No one who came to Jesus for healing ever went away unfulfilled because he didn't "have enough faith." But today's WoF people are covered in counterfeits and outright failures. In Nazareth, Jesus did hardly and miracles (and he marveled because of their lack of faith) not because he wasn't able to help them, but because they refused to come to him.

The disciples couldn't heal the demon-possessed son because THEY lacked faith in Christ and in the power they had been given (faithless, prayerless, powerless). The man had done all he could, bringing the boy to the "church" and he was almost ready to give up when Jesus came. He cried out then, "Lord I believe, help my unbelief!" and Jesus was as helpful as ever he was, even to the least display of faith in him.

Jesus healed people who ultimately went to hell for not having saving faith in him. He healed people who were brought to him because of the faith of others. No one's faith was ever too small for him. The signs were about turning as many as could be turned by such means to faith in him. The signs were for confirmation of his identity as the Savior from sin, not the savior from my (minor) discontents.

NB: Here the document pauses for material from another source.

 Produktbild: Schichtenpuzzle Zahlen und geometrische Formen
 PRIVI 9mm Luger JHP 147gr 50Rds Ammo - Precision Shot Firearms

These WoF folks are missing the point. They are also elevating their own faith to the status of magical leverage. They are reading the healing/miracle passages in the same way as the people who were fed by Jesus (with the loaves and fishes) interpreted the miracle. Jesus rejected those king-makers, as thoroughly as their confusion deserved. He *drove them away* with his doctrine (read Jn.6). He destroyed what little "faith" they had in him--deliberately.


----------



## rookie (Jul 8, 2011)

And weird enough, but Benny Hinn wears glasses, apparently his eye sight is not a product of his faith, or lack thereof.


----------



## Joseph Scibbe (Jul 8, 2011)

They have to show that faith healing is a normative practice and not just a descriptive practice.


----------



## moselle (Jul 10, 2011)

Thanks, All. I'm going to have to do some research on "normative" and "non-normative" - new words to me, and I'm wondering how the Bible expresses these ideas!

I remember the first time I was taught about that passage where the folks were swarming to see Jesus and the signs and wonders. Such a convicting and yet beautiful promise that those who seek HIM, will surely find Him - because God has promised to draw them to Himself.


----------